**PROBLEM REQUIREMENTS**
The reply should consist solely of the lines from the one that holds "NFL American Football" through the last line of the material, reproduced exactly; no pictures belong in it.

**STORED DATA**
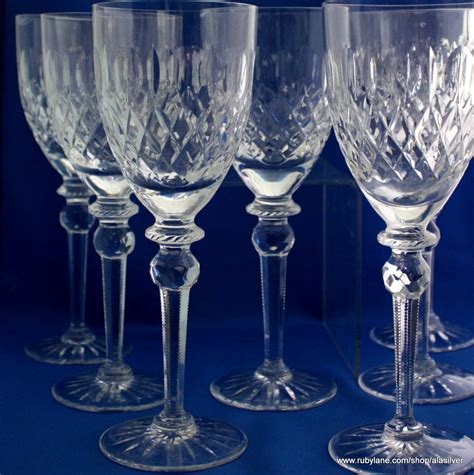 Sparkling Crystal Goblets Set Of 6 By Rogaska From Al Silver On Ruby Lane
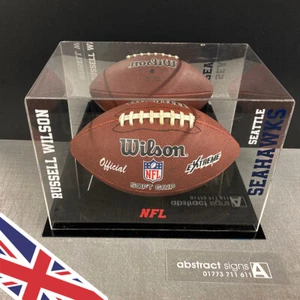 NFL American Football Acryl Vitrine | UK Hersteller - Bild 1 von 1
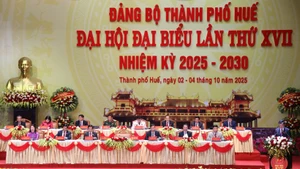 At the 17th Congress of the Party Organisation of Hue city for the 2025–2030 term (Photo: VNA)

**ANSWER TO THE PROBLEM**
 NFL American Football Acryl Vitrine | UK Hersteller - Bild 1 von 1
 At the 17th Congress of the Party Organisation of Hue city for the 2025–2030 term (Photo: VNA)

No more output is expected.